If no drama exists, I will force it upon myself for it to exist. My comfort zone becomes the pain, because that is all I know of. All I can live with, all that will ever bring me the feelings in which I expect. I ask myself why I do it, why I would hurt myself with the likely possiblity that I will hurt another in the process. Maybe it is selfish of me. I am not sure. All I know is that I can not, I will not, ever stop searching for an absolute love in where I can feel alive in a moment of passion no matter how few and far between.

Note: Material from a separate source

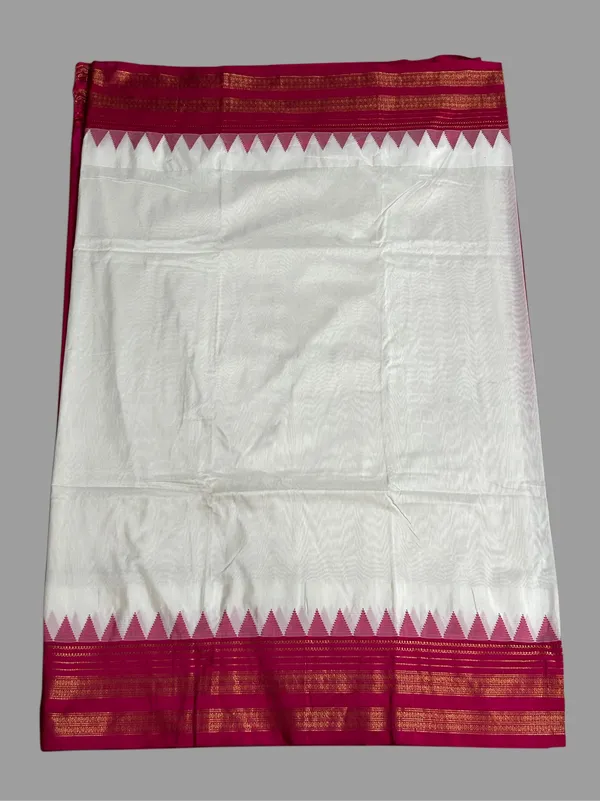 White_Kadiyal_Border_Ilkal_Saree_with_Contrast_Blouse_Piece_|_Traditional_Handloom_Cotton_Saree_|_6.20_Meter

In a warped way I guess I enjoy the love and pain cause and effect that I always create. Yet the question remains, the confusion burdens, and I keep wishing that things would change. The thought that in some way things will suddenly be given to me, and pain will cease to exist. My life is the drive for dreams that excede the realm of possiblily, at least in terms of what we are even capable of. With the underlying foundation being that of a love that could trancend all love and show me a direction that would give me the way off the cycle of love and pain. Yet my expectations are so unrealistic that if they even came close I wouldn't even know what to do with myself because it wouldn't be me, I can't live in a dream if that dream is truth.
I only want the pursuit of dreams, not the consequences of reality. So maybe I am not down to earth as much as I wished, maybe I will never be as successful as I dream due to my 'out of this world' type of thinking. I may never obtain the happiness in which I seek, but it is my way of life. My emotions have overtaken every part of me that determines right from wrong. Lost within my own confusion and desires.
So why I ask. Why do I love if the love means nothing, when my entire life changes and I can't control my own value system because I only want another's love? When I seem to distance myself more and more from the truth of reality, from stress, by this everlasting search of love?
I really feel hopeless. I can't dwell in it because it is better to try and be happy no matter what, to live in a solace of comfort. But I wish it was not so important to me, I wish I could live in the mind of a child forever where no pain exists for a quench of love from another person. Where the path of life is a climb of unknowns and not a fall of lies.
The depression sets in, and all is not well. A clear mind would be so much better, not this trash of stress I have now.
To worry, to want, to hurt -- forever.